It turns out the only thing Russian forces needed to knock thousands of Ukrainian satellite broadband customers offline was a misconfigured VPN.

Viasat, whose Ukrainian satellite broadband service was knocked offline the day Russia invaded Ukraine, said its analysis of the attack revealed a poorly configured VPN appliance was used by the attacker to access the trusted management section of the KA-SAT satellite network. 

The attacker gained access to the segment of the network used to manage and operate it, and then pushed legitimate, yet malicious, commands to residential modems in Ukraine and several other European countries. 

“These destructive commands overwrote key data in flash memory on the modems, rendering the modems unable to access the network, but not permanently unusable,” Viasat said today. 

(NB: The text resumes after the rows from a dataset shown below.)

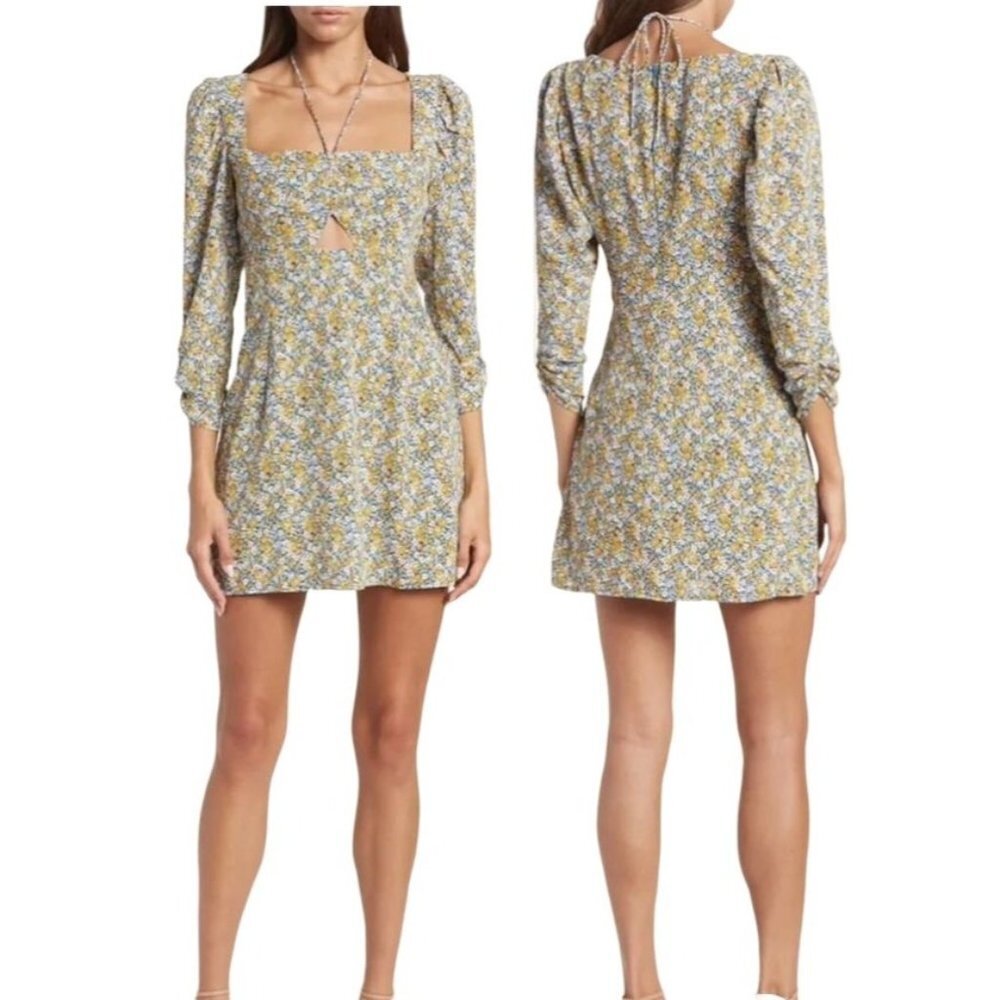 Nordstrom Floral Womens Floral Dress Size XL NWOT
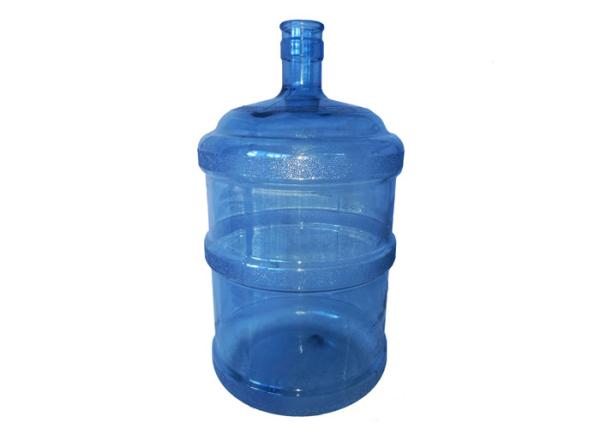 No Handle 5 Gallon PC Bottle For 5 Gallon Bottled Water Round Body Founded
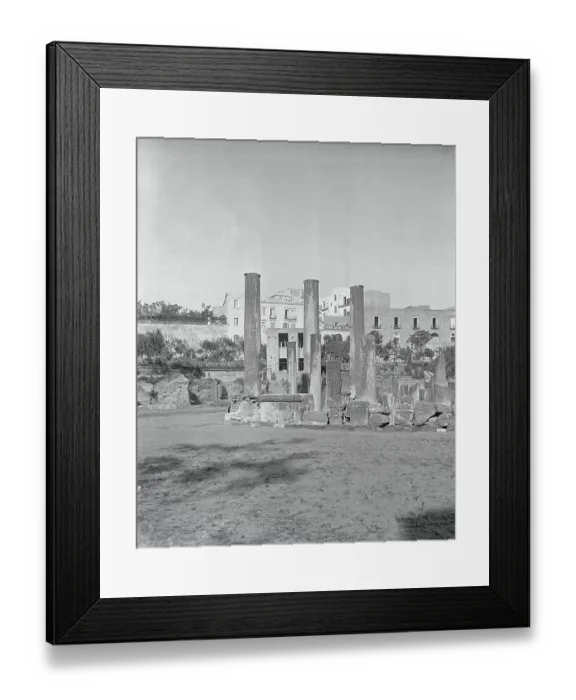 Framed Print : View of Temple of Serapis Framed Print : View of Temple of Serapis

The KA-SAT satellite, which provides broadband access to customers in several countries, was not directly affected by the attack, which was confined to a single consumer-oriented partition of its network.

Viasat also said that it had no evidence end-user data was accessed or compromised, no evidence that customer equipment was accessed (aside from the command that was run) and no signs that the satellite or its ground infrastructure were affected. 

It’s not over yet

Viasat said that any modems not bricked by the attack received firmware updates that should mitigate future onslaughts. That’s timely given what an unnamed Viasat representative told Reuters: The attacks are still happening. 

While Viasat has resisted the attacks so far, the official said the attackers continue to adapt to their mitigations and defenses. The investigation is ongoing, and Viasat said elsewhere it was leaving out some specifics, but it believes the attacks were designed to interrupt service. If the assailants are continuing to push, they’re still attempting to disrupt satellite broadband in Ukraine. 

Owners of functioning Tooway brand SurfBeam2 and SurfBeam 2+ modems from Eutelsat should be sure they patch now.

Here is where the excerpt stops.